初めて行くラーメン屋さんのスツールに腰を下ろして僕が最初にすることはカウンターに置かれた調味料類をチェックすることだったりします。
定番の胡椒以外にラー油やにんにく、ニラなどの味変グッズがいろいろそろえてあるとちょっと嬉しくなるなぁ。
僕が生まれて初めてラーメン屋に入ったのは大学生になってからだったんじゃないかと思います。
高校までは小遣いに限りがあって買い食いの中でもラーメンは高額でなかなか手が出しにくかったし親に連れられてラーメン屋に行ったという記憶がまるでないんですよね。
であれば大学生になって下宿を始めてからじゃないかな。
とまれ初めて行ったラーメン屋で驚いたのはカウンターにいろいろ調味料が置いてあって「ご自由にお使いください」というシステムになっていたこと。

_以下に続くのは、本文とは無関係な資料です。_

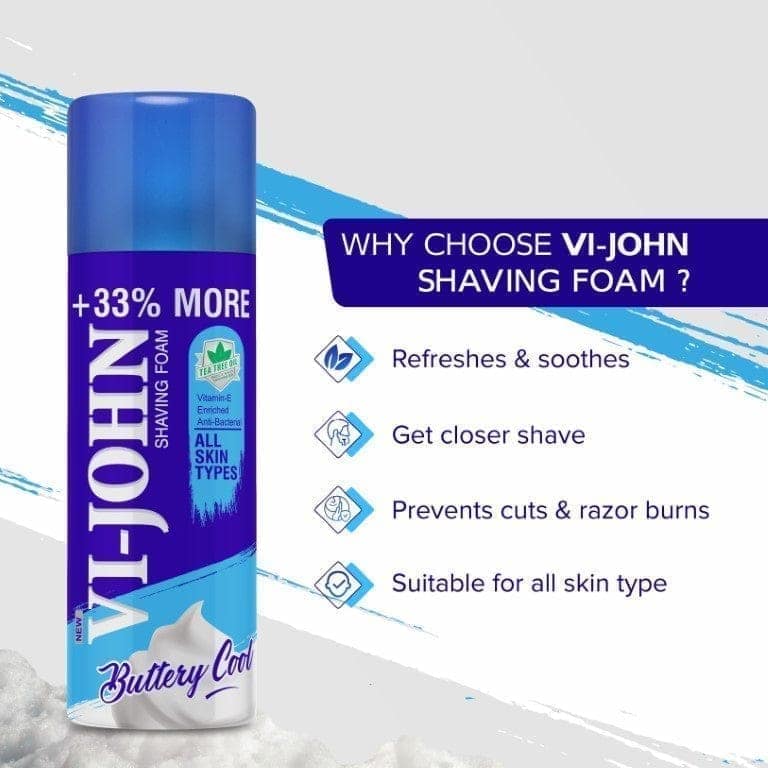 VI-JOHN Shaving Foam For All Skin Types With Tea Tree Oil, Menthol, Vitamin E & Anti Bacterial Formula (Pack Of 2 - 800 G) view 5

出された料理の味を素直に食べるだけじゃなく「俺流」に味を変化させて料理を二度も三度も楽しむというのはなんかちょっと大人になった気がしました。
その後、うどん屋、蕎麦屋あるいは定食屋でも同じシステムの店があることを知って
「そうか料理屋において出された時点で料理は完成していない。客が好みで最後の調味をして初めて完成するものなのだ」
なぁんて変な悟りの境地みたいなのにハマった覚えもあります(丁度、美味しんぼの連載が始まった頃でそういう通っぽいのがめっちゃ流行っていたのだw)。
慣れて来ると自分の調味料の好みもわかってきてスツールに座ってまず目で探すのは目当ての調味料が置かれているかどうかになったりしました。
例えば天丼などにかけるものとしては七味唐辛子より粉山椒が大好きでして丼物屋でこれが置いていないとちょっとがっかり。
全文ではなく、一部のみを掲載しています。